Hey, author of https://luna-park.app here! (I was wondering where the spike in visits came from ^^'... Thanks a lot for mentioning me!).

Luna Park was indeed a npm package that you could integrate to allow users to build their own logic using visual scripting. In the end, I pivoted, and Luna Park is now a visual scripting wrapper around the Vue.js framework, allowing people to build modern webapps without code. (I also made https://roller-coaster.app to create endpoints using the visual scripting system of Luna Park)

In any case, that's super cool to see people building awesome tools like yours in the visual programming space :) ! I love how Flyde show you what node is running, and the way it executes logic is really interesting!


Haha glad you found this comment! Love your dedication to the amusement park theme, it's rare to see web products take such a "game design" approach.


Yeah, that's part of what I'm talking about, for sure. Being able to, say, click a little expand icon to see other pins that aren't usually necessary, is great for discoverability. I'm not a big fan of library maintainers deciding that I can only use certain inputs for an underlying function that I know has more functionality. Node authors should, of course, be able to guide, but I don't appreciate them having the ability to control.

More than that, though, it's about the difference between 'data references' and 'execution flow'. It's something that Unreal makes very, VERY obvious. Color coding data types, emphasizing execution flow lines, etc. I can't recommend using it as a guide, enough. Whatever problem I've come up with as 'complicated' for visual scripting, they've got an elegant solution for.

Even stuff like being able to 'break' nodes into other nodes, or pins into other pins.
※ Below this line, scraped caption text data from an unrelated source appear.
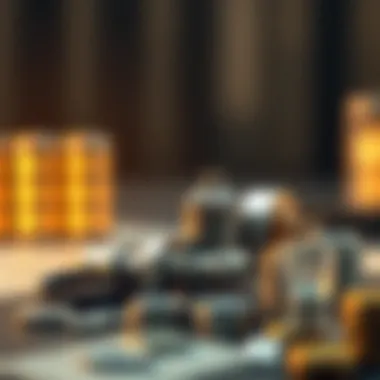 The Mechanics of Whole Life Insurance Understanding Whole Life Insurance Mechanisms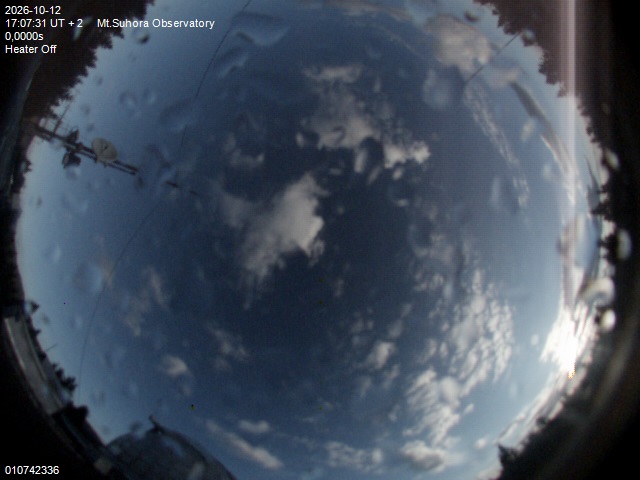 Image downloaded on 2026-10-12 at 17:08:29 local time.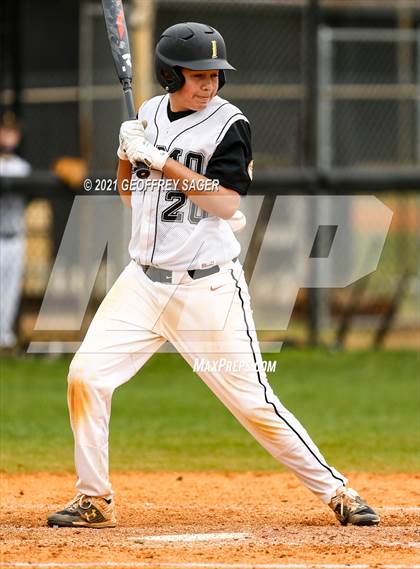 Thumbnail 3 in Dutch Fork @ Irmo photogallery.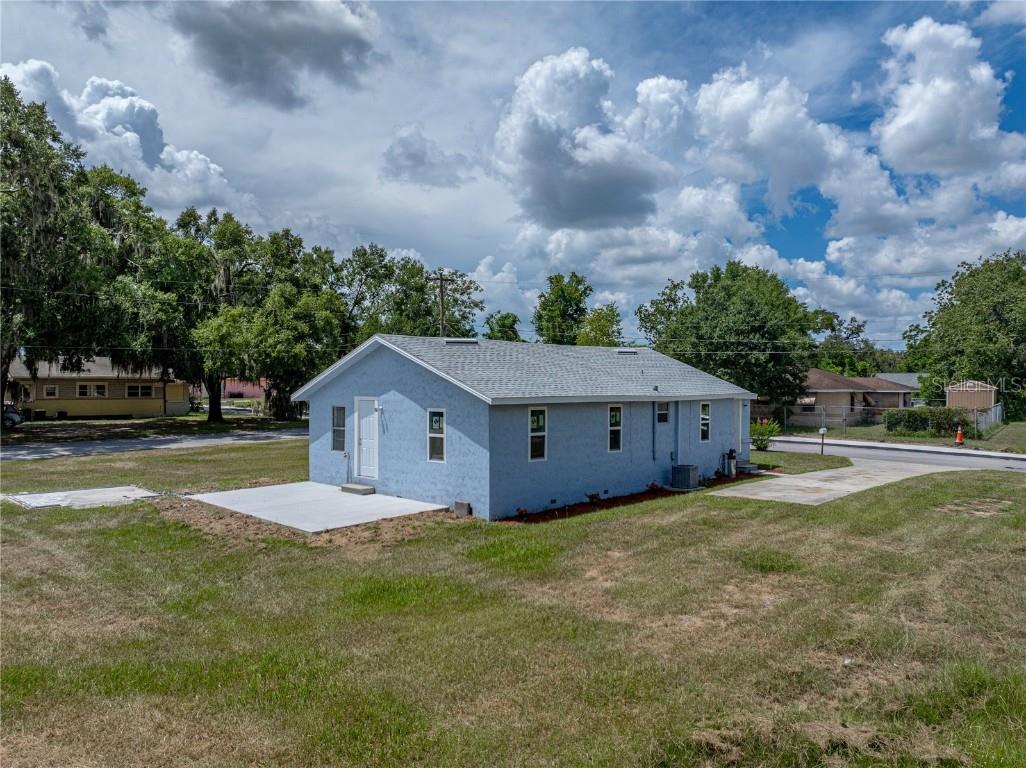 810 N Maple Avenue Bartow FL 33830 TB8420476 image38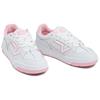 Vans Upland 'White Pink' Sneakers VN000D1HYL7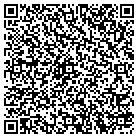 QR code with Friday Business Services contacts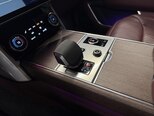 Land Rover Range Rover-10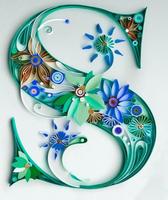 Paper Quilling Ideas স্ক্রিনশট 3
So a "Point" node might be useful for sending into a function expecting a Point data type, but you might also want to send just that Point's x or y value to something else. In that scenario, you might 'break' the exit pins into a Point reference, an x reference, and a y reference. It would be cumbersome and unruly to always have that available. But the UX to make it available is straightforward and satisfying.

And then, all of that aside, I just prefer the visual look of pins integrated into the nodes. The extra lines you get from drawing between the pin and the node is messy and since you can't move them independently, they don't really add anything. Just a lot of extra buffer to prevent a 'crowded' feeling. But at least that's not something unique to Unreal. I don't think I've ever seen a visual scripting system that used pins as separate elements. So maybe it's just saturation bias. But I do like what I like!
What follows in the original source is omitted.